With homelessness on the rise in WA, experts are calling for local government to change tack in how they assist those most in need.
According to the Australian Bureau of Statistics Census of Housing and Population 42.8 people out of every 10 000 experience homelessness in Western Australia.
The number of people considered to be ‘living rough’ in WA has risen by 1.1% since 2006, a statistic which suggests that homelessness is not an issue at the forefront of our elected leaders’ minds.
The Federal Government has provided $6.2 billion in financial assistance to low-income earners through the National Affordable Housing Agreement, which indicates that money may not be the solution to homelessness in Australia.
This is supported by a poll produced by the ABS which found that the number one reason people sought help from specialist homeless services in WA was ‘domestic and family violence’.
This has led those who work to improve the lives of people experiencing homelessness, such as Karen Valenti of Shelter WA, to conclude that a new approach may be needed in solving this complex issue.
“Of course financial assistance helps to some extent, but education and public awareness are just as important and I don’t think there is enough of that,” she said.
Many people experiencing homelessness feel that their government has forgotten them, or worse still, they simply do not care.

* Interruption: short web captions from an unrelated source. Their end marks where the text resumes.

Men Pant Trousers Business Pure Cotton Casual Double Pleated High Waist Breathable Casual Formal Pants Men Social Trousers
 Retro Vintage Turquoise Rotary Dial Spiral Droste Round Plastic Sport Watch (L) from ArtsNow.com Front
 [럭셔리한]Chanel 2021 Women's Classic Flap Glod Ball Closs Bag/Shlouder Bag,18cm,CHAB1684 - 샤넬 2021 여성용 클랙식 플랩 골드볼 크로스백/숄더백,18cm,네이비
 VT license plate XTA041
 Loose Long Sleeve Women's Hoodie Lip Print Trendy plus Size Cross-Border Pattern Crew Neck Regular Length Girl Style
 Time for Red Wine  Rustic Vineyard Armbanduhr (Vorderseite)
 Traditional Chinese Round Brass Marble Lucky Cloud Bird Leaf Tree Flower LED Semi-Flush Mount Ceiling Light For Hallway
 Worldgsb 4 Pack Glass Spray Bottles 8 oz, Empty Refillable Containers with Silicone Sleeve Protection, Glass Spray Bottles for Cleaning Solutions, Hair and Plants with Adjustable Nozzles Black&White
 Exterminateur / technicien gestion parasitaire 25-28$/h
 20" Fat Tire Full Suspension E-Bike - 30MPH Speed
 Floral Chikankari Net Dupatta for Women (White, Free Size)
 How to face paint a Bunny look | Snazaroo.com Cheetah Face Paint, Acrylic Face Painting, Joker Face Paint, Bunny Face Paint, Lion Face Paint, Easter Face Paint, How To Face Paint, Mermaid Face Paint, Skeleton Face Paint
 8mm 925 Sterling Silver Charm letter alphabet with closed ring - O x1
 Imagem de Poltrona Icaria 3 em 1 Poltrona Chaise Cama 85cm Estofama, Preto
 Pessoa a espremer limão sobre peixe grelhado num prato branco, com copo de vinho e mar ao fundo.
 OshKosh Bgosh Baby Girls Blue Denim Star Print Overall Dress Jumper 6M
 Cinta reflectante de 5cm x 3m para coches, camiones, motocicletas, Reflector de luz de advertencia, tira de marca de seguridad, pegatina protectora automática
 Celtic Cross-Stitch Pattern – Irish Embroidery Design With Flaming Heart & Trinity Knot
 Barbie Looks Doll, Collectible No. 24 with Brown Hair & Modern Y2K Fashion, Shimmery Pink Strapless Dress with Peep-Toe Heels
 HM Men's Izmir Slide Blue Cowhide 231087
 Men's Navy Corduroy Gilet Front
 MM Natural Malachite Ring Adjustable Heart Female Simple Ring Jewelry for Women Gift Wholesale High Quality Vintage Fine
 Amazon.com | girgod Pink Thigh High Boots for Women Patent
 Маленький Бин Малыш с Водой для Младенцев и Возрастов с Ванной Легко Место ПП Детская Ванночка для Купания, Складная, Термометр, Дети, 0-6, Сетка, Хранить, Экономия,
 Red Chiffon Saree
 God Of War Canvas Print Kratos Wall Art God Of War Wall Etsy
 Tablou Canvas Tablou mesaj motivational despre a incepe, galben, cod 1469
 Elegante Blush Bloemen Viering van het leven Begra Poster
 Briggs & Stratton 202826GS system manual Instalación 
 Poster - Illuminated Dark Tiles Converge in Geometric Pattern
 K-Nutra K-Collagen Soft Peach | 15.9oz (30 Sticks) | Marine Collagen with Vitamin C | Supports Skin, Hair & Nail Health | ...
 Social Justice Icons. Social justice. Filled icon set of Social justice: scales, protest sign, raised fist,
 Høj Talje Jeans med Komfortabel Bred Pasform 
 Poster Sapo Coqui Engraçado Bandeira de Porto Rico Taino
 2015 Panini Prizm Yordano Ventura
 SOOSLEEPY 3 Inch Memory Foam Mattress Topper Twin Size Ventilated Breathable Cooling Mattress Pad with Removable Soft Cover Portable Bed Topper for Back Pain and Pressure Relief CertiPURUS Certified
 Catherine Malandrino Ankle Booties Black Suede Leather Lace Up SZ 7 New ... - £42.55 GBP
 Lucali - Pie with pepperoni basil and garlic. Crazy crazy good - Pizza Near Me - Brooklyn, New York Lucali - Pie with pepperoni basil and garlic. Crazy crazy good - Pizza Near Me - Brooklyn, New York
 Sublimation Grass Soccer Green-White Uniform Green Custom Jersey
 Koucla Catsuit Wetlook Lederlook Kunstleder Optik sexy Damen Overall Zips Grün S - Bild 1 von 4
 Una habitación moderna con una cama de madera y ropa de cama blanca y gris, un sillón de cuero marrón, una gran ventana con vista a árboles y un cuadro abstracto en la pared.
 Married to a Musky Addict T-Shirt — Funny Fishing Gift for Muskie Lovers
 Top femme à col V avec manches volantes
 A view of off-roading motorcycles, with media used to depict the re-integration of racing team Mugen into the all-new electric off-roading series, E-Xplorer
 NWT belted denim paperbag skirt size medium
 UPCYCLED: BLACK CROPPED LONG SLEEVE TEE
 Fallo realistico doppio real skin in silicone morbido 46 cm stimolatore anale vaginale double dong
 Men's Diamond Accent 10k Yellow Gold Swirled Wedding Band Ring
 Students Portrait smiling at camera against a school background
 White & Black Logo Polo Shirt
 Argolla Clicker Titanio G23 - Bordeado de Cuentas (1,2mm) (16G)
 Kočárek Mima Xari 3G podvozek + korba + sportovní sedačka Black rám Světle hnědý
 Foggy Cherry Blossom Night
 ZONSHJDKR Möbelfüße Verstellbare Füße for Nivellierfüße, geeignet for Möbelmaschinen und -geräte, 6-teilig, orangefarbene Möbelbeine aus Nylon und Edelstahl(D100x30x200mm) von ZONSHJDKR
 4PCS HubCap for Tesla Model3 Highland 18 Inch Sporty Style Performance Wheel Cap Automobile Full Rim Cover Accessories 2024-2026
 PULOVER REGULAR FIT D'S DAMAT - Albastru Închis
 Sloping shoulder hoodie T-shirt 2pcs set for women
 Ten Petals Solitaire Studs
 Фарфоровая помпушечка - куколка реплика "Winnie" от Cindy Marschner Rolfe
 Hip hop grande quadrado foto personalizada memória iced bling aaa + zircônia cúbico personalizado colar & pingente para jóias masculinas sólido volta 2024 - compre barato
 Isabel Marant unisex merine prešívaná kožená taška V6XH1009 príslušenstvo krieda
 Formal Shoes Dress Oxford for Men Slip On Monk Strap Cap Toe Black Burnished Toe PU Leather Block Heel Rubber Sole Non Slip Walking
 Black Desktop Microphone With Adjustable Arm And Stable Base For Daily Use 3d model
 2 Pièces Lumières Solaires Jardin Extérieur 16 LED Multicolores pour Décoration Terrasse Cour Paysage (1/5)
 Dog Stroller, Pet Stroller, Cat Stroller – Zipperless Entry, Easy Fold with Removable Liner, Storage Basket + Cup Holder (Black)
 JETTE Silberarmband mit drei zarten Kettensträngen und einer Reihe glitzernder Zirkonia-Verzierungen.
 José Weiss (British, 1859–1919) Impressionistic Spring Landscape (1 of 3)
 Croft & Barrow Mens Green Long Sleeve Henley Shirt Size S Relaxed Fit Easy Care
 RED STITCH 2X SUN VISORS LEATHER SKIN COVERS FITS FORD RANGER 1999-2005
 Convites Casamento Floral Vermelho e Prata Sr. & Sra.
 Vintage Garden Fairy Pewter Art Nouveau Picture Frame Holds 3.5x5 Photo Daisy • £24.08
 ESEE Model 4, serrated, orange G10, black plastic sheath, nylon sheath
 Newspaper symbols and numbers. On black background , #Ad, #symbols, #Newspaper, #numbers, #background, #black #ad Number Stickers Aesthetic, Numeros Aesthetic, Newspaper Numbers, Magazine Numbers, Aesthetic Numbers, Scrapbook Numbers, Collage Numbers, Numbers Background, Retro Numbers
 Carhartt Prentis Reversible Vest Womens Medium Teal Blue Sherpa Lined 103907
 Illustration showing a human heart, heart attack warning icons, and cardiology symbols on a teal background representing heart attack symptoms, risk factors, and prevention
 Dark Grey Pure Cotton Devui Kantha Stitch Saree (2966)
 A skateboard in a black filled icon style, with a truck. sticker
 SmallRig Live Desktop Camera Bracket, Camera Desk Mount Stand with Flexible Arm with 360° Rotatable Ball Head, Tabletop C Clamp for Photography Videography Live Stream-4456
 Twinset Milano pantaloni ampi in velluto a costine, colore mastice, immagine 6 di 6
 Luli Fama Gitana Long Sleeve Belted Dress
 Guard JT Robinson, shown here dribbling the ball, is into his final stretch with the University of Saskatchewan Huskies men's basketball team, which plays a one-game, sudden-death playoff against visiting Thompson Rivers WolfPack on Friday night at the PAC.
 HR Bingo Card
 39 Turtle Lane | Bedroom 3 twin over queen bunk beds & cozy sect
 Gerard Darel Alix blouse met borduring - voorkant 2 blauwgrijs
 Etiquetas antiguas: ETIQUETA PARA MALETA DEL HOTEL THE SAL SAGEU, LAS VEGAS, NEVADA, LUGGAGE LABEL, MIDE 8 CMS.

“The government doesn’t care about me, hell no, as long as they can keep their power,” says Phoenix, a busker living on the streets of Northbridge.
Other such as Paige, a woman who makes a living by quickly solving Rubik’s Cubes for the entertainment of passers-by, is unsure where to go to find government assistance.
“It’s hard to find information about government housing and assistance, it doesn’t exist,” she says.
Those closest to the crisis believe changes need to happen, both inside government and within the community, if we are going to be able to view homelessness as a historical event and not a reality for thousands of Australians.